The guy in Texas was Joe Selby, who had twice risen through the ranks at the Office of the Comptroller of the Currency, the acting comptroller of the Currency, but of course, he would never be made head because you’d have to be politically powerful to get that kind of thing. So getting him was a real coup and he put him in the absolute worst place, which was Texas. Selby was from Texas. Selby knew that this was going to end disastrously for him because Selby was gay, and the speaker of the House, the Democratic speaker of the House, Jim Wright called up Ed Gray and demanded that Gray get rid of Selby on the grounds that Selby was a homosexual. This is how recently these things were that badly screwed up. Even after we brought Charles Keating down, he sued, and one of his lieutenants began a deposition demanding to know who the employees at the Federal Home Loan Bank of San Francisco, where I was the top lawyer by then, were homosexuals. Under the allegation that gays are secretive, and they must have a secret conspiracy against Charles Keating because he’s a Christian. The chief judge, based on what we call a proffer by the lawyer that says, I have a good faith basis for this conspiracy. I’m not just making this shit up right – the judge, the chief judge in Arizona, which is where Lincoln Savings Home was, the parent company, allowed those questions. Now, after that good faith basis, the second question of that lawyer was, have you ever heard a rumor about who might be gay at San Francisco Bank, which is kind of inconsistent with a proffer. Our moderately senior supervisor who is being deposed came back at lunch break in absolute tears.

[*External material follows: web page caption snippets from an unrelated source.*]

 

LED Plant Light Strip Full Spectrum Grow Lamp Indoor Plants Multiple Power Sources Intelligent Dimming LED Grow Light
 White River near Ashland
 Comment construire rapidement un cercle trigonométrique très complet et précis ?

She was just completely broken down by this outrageous treatment, and so this is the first I hear about it and I say the deposition is over, we are going to go for emergency writ in front of the judge, and of course, we destroyed them in that. They had absolutely no basis, but at that hearing, they started the hearing by making a motion to exclude me from the courtroom.

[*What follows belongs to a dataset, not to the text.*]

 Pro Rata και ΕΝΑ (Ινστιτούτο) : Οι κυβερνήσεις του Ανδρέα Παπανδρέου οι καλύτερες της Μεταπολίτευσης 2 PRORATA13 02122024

The lawyers for the Keating lieutenant say you shouldn’t allow Bill Black to be in this room, and the judge said that may have worked with Danny Wall, Gray’s infamous successor who caves into Keatings demands and extortion, but it is not going to work in this courtroom, and then because he’d been lied to in the proffer, he basically chopped the heads off these folks. That lieutenant I saw in other depositions. I went up to him and told him how scurrilous I thought he was. He said, I can’t be bigoted. I’m black. Well, I guess you proved it. Again, people forget how recently this kind of homophobia was absolutely dominant and could destroy executives. The point is, Selby prevented a Texas disaster from becoming a Texas catastrophe, knew it would lead not under Gray, but under his successors to his being smeared and fired and did it anyway for America. Mike Patriarca, a name people have not heard was his counterpart in California that I worked with, and he stopped the first aspect that I’ve talked about, this looting.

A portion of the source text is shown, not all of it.